What is expected:
Give the data back exactly. Leave out any images.

Data block:
◇ ◇ ◇ ◇
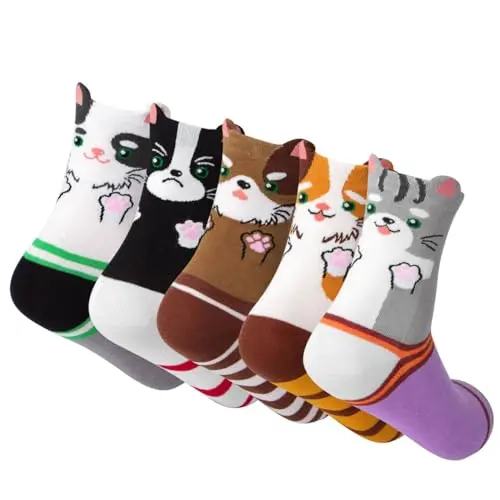 Chalier Cozy Damen Socken mit Hunde- und Katzenmotiven, Baumwolle, lustige Crew-Socken, Geschenk, Einheitsgröße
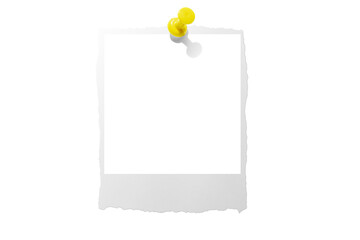 Photo card attached with a push pin isolated on a transparent background.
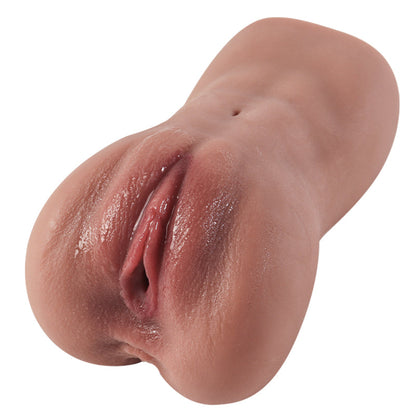 Realistic flesh-toned male masturbator with detailed vaginal opening and natural skin texture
◇ ◇ ◇ ◇
Finished exercise:
 Chalier Cozy Damen Socken mit Hunde- und Katzenmotiven, Baumwolle, lustige Crew-Socken, Geschenk, Einheitsgröße
 Photo card attached with a push pin isolated on a transparent background.
 Realistic flesh-toned male masturbator with detailed vaginal opening and natural skin texture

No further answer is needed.